### [Exercise prompt]
Extract exactly and only the lines from the one containing "This lesson will" through the end of the entries below. Pictures should not appear in the copy.

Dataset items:
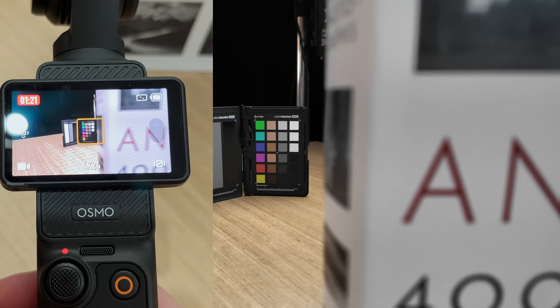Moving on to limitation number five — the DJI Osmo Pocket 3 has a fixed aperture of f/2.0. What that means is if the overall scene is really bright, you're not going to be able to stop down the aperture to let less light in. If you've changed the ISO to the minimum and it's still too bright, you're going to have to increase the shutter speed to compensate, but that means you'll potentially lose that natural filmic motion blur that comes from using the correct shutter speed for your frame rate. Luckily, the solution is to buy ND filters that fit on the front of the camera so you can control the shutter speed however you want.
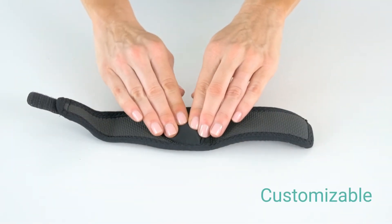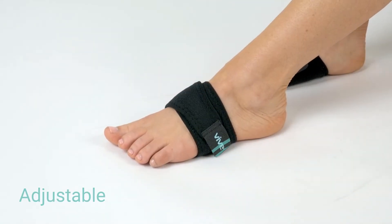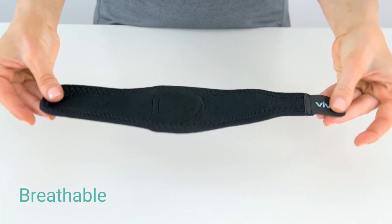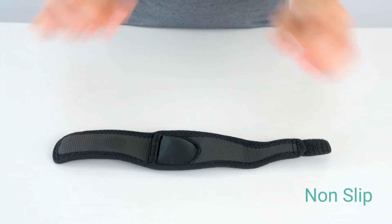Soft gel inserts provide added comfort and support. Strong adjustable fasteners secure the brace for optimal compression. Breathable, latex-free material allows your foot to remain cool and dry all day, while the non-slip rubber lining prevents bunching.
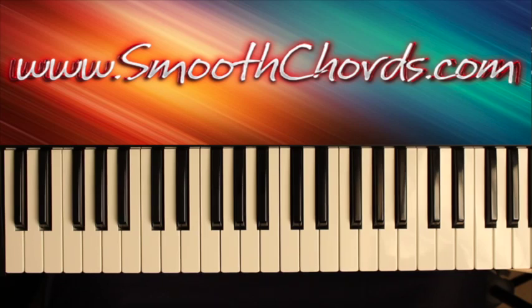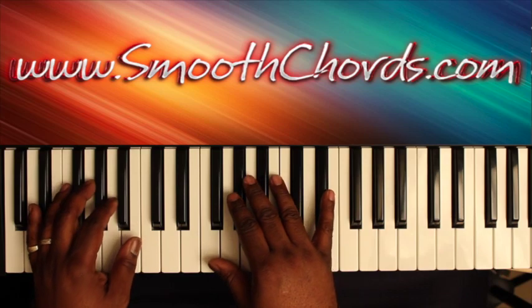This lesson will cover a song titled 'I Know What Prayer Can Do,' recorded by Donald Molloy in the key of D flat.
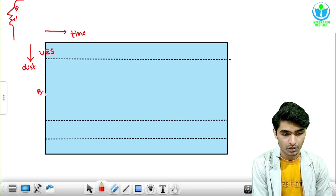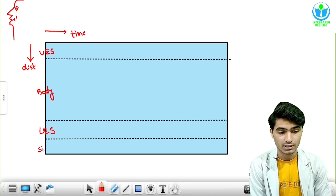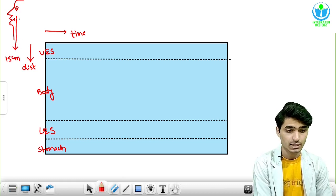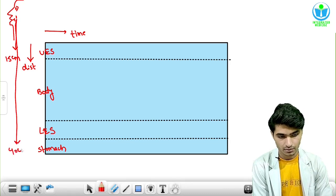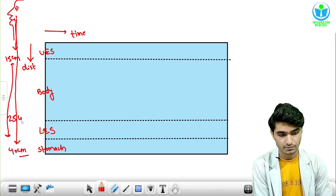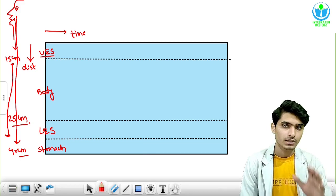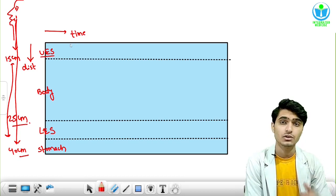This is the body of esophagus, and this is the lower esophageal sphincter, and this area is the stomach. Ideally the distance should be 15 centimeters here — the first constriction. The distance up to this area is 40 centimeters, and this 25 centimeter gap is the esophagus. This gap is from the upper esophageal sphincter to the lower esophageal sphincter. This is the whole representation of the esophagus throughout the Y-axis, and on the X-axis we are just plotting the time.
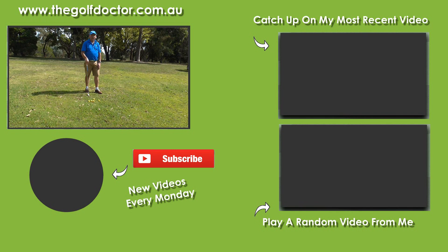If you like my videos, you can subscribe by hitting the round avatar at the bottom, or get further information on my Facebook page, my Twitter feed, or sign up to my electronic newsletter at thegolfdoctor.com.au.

### [Task result]
This lesson will cover a song titled 'I Know What Prayer Can Do,' recorded by Donald Molloy in the key of D flat.
This is the body of esophagus, and this is the lower esophageal sphincter, and this area is the stomach. Ideally the distance should be 15 centimeters here — the first constriction. The distance up to this area is 40 centimeters, and this 25 centimeter gap is the esophagus. This gap is from the upper esophageal sphincter to the lower esophageal sphincter. This is the whole representation of the esophagus throughout the Y-axis, and on the X-axis we are just plotting the time.
If you like my videos, you can subscribe by hitting the round avatar at the bottom, or get further information on my Facebook page, my Twitter feed, or sign up to my electronic newsletter at thegolfdoctor.com.au.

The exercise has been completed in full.